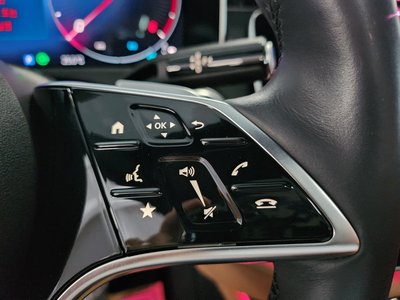 MERCEDES-BENZ E-CLASS - 4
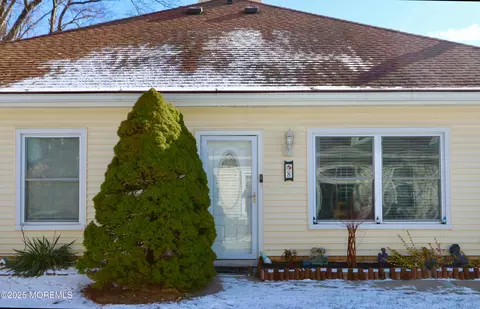 Other - 8 Sutton Dr, Brick, NJ 08724 photo 12 of 13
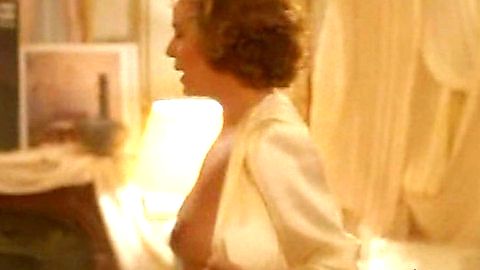 Pic: Laura Antonelli in Tranches de vie (1985)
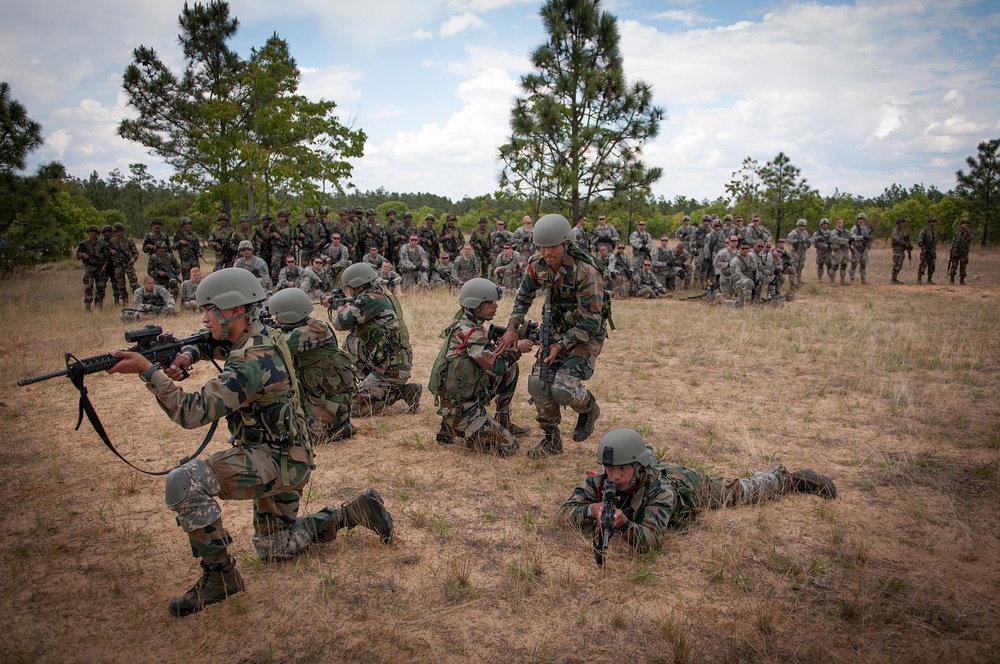 Indian soldiers share ambush techniques with US paratroopers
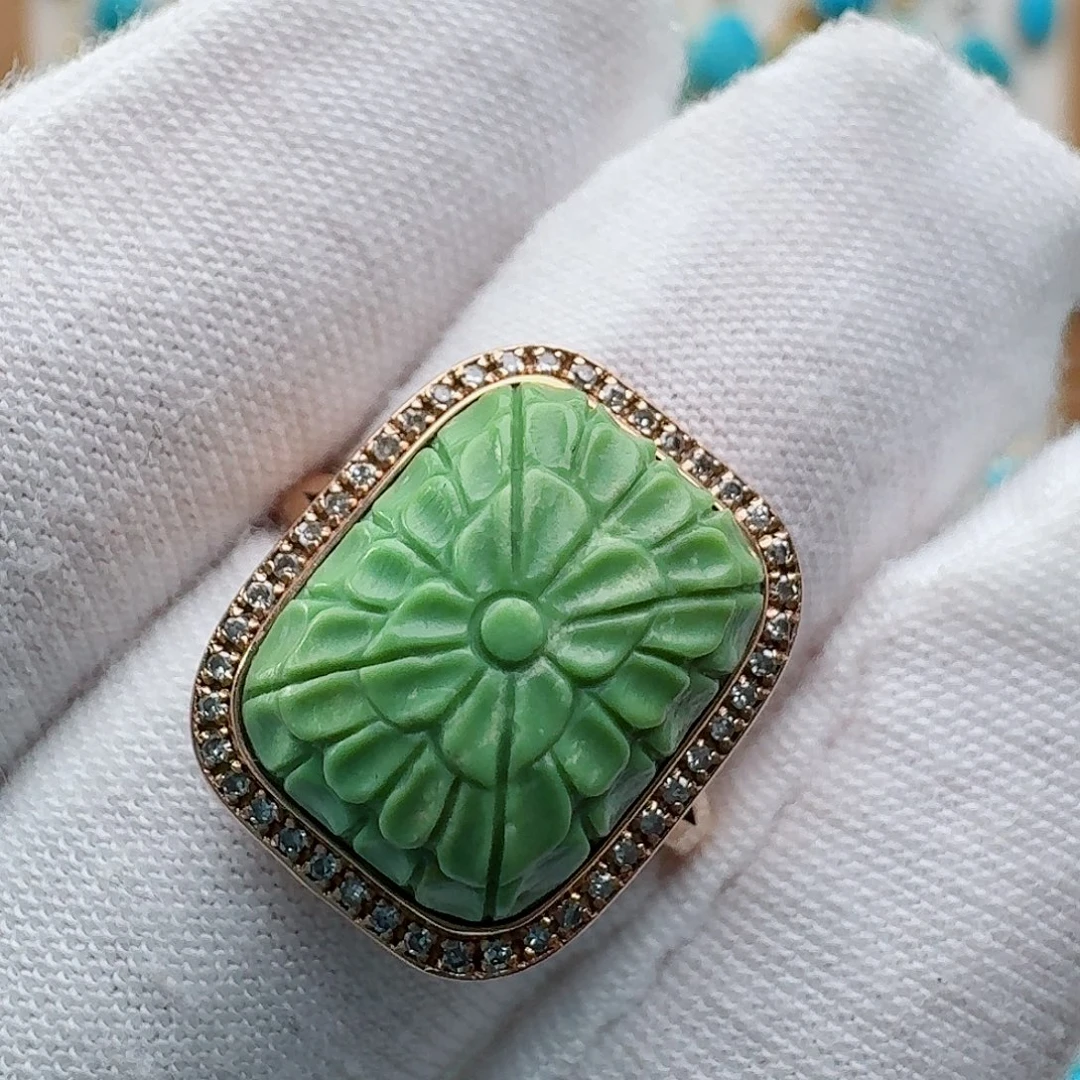 绿松石18K金镶嵌戒指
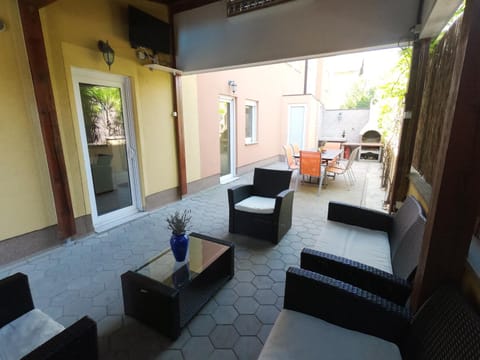 Patio, BBQ facilities, Garden, TV and multimedia, Balcony/Terrace, Seating area, Dining area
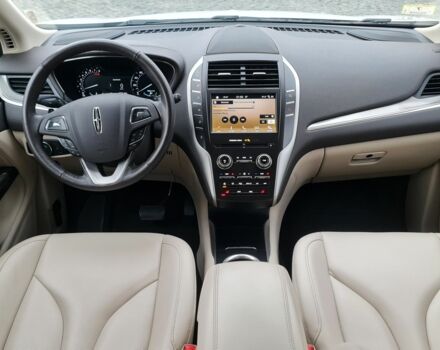 Белый Линкольн МКС, объемом двигателя 2 л и пробегом 90 тыс. км за 16900 $, фото 16 на Automoto.ua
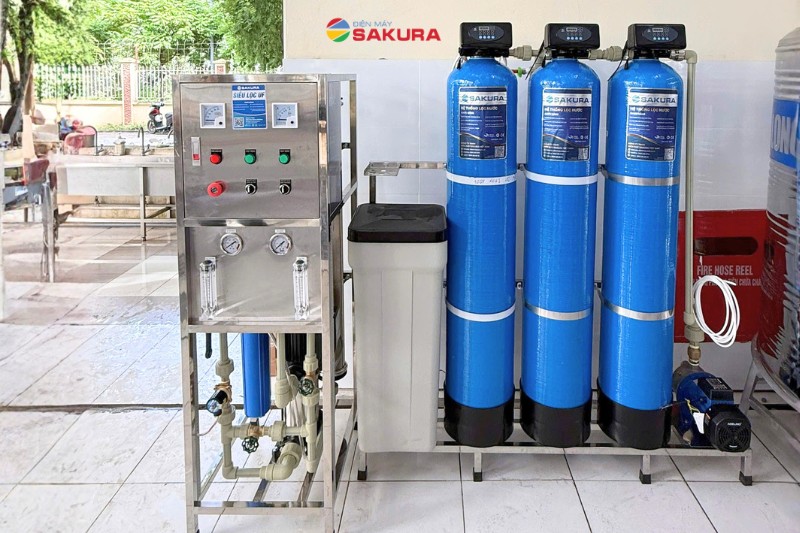 Hình ảnh lắp đặt thực tế máy lọc nước công suất lớn tại Trường tiểu học 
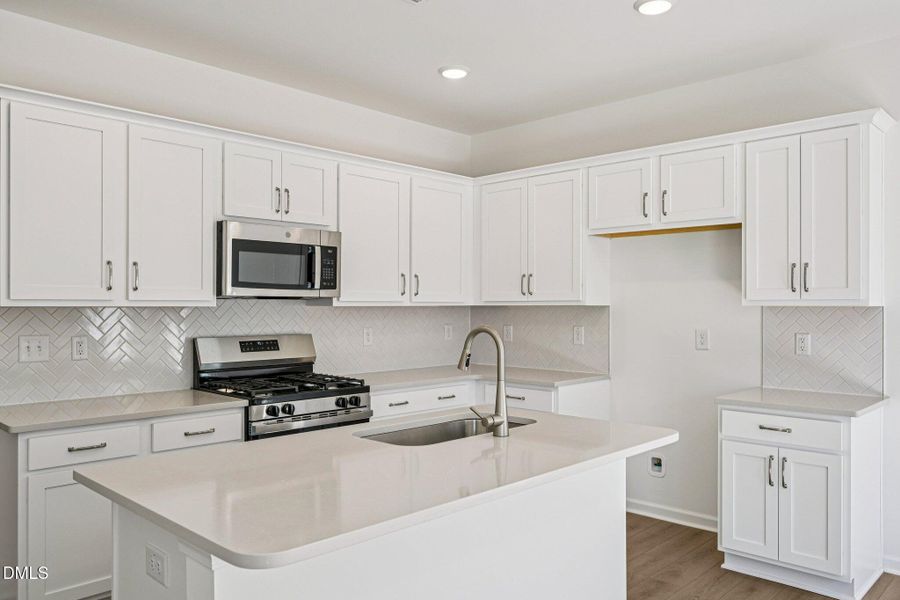 15-web-or-mls-Mirth Ct-S1403-015 15-web-or-mls-Mirth Ct-S1403-015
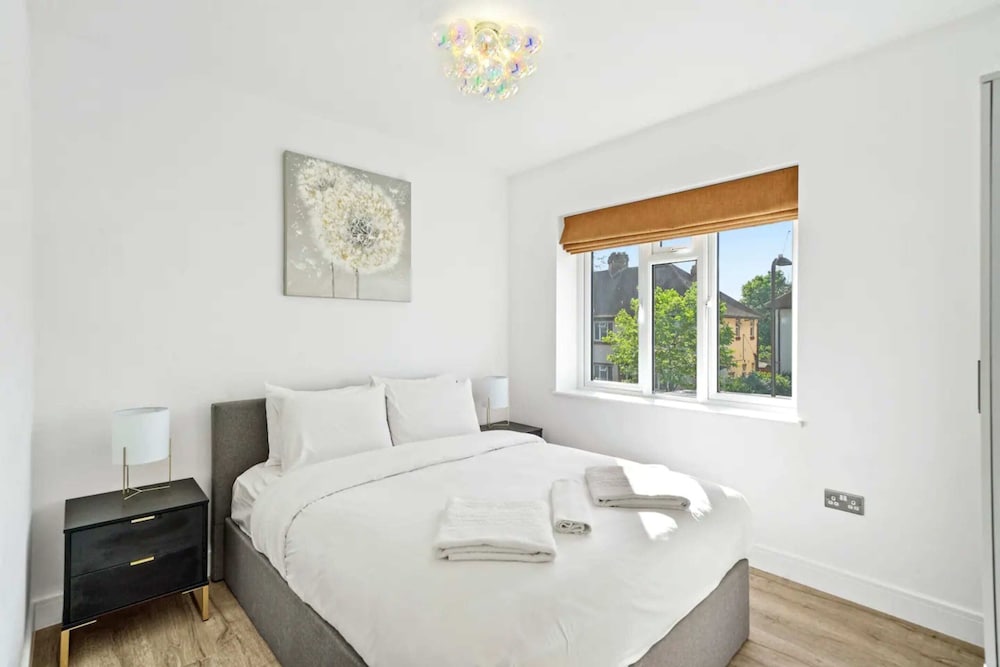 Фото Gorgeous 3 Bedroom Duplex Apartment in West London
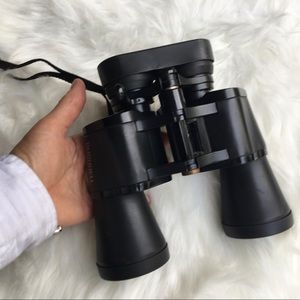 Bushnell binoculars in black case, EUC vintage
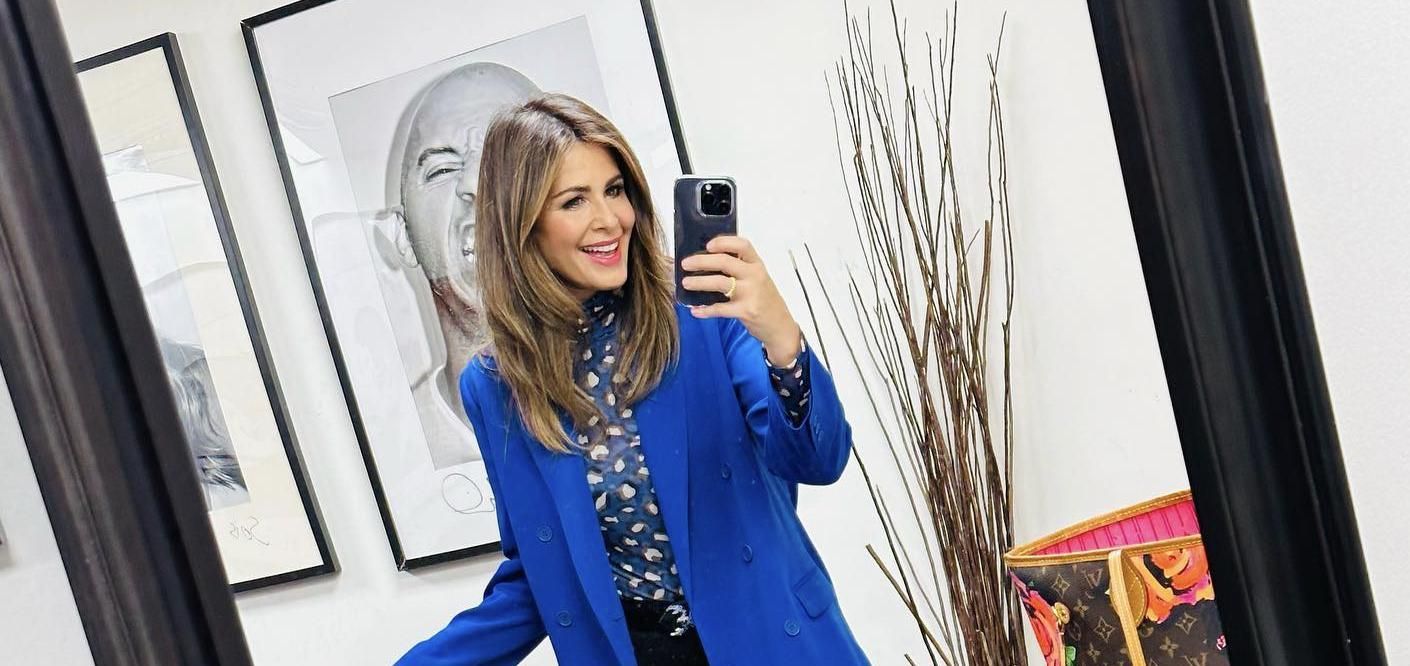 Nuria Roca con blazer azul y camiseta estampada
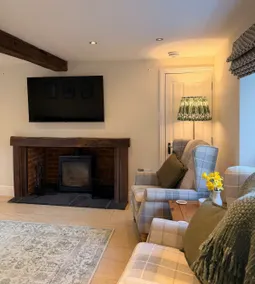 Baydon Estate Character Cottage - Image 2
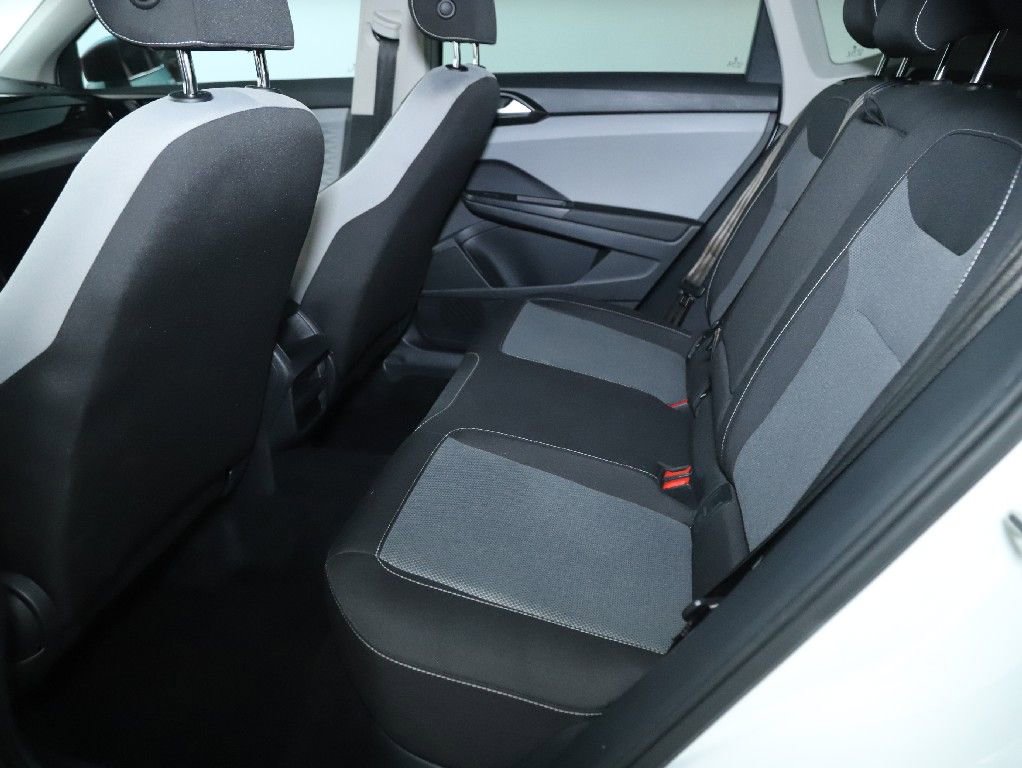 Used 2022 Volkswagen Taos S image 14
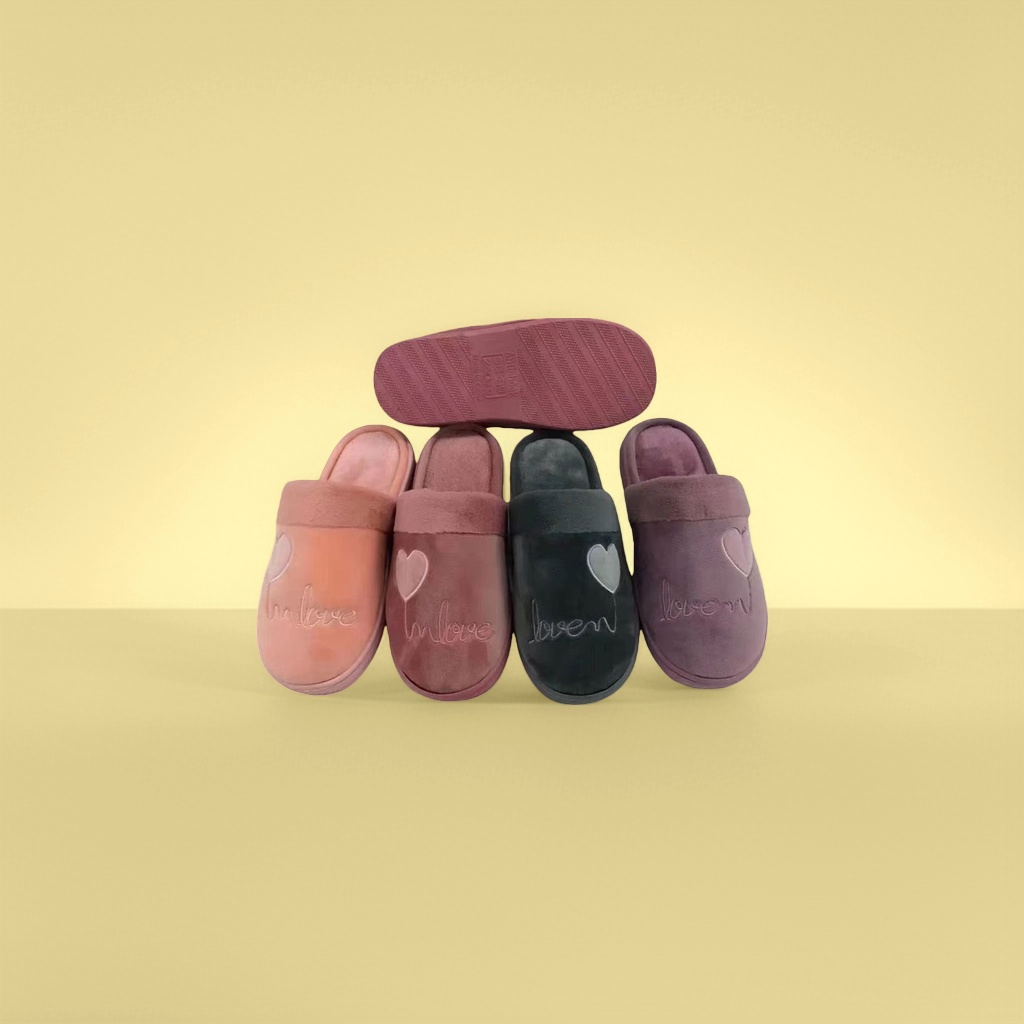 The main body of the plush slippers is thickened and the warm home cotton slippers are designed for women in winter details Picture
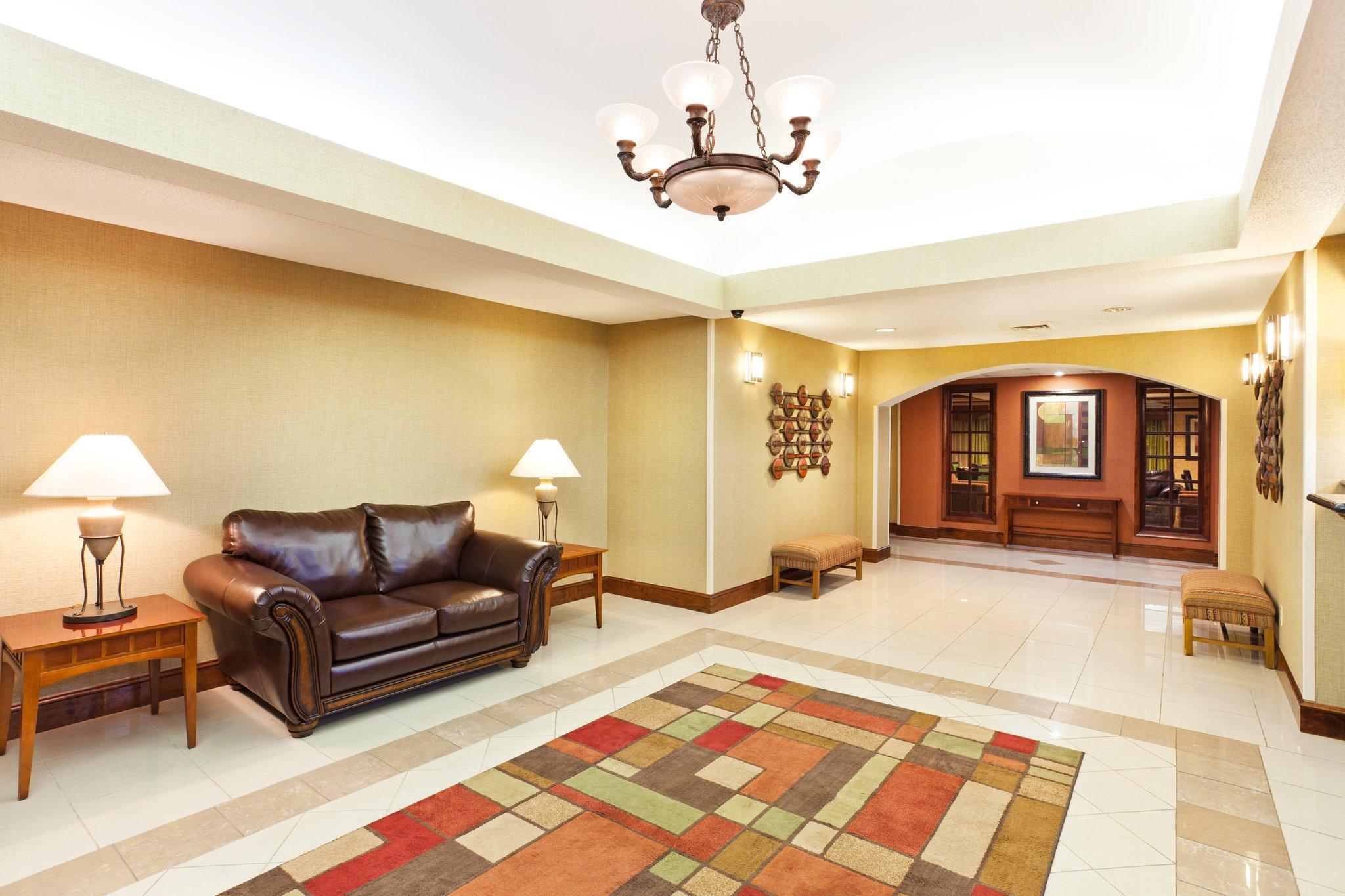 Holiday Inn Express & Suites Reidsville By Ihg Buitenkant foto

- What you are asked to do -
Pictures stay out; reproduce exactly the lines from the one containing "Used 2022 Volkswagen Taos S image 14" through the end of the data.

- Response to the exercise -
 Used 2022 Volkswagen Taos S image 14
 The main body of the plush slippers is thickened and the warm home cotton slippers are designed for women in winter details Picture
 Holiday Inn Express & Suites Reidsville By Ihg Buitenkant foto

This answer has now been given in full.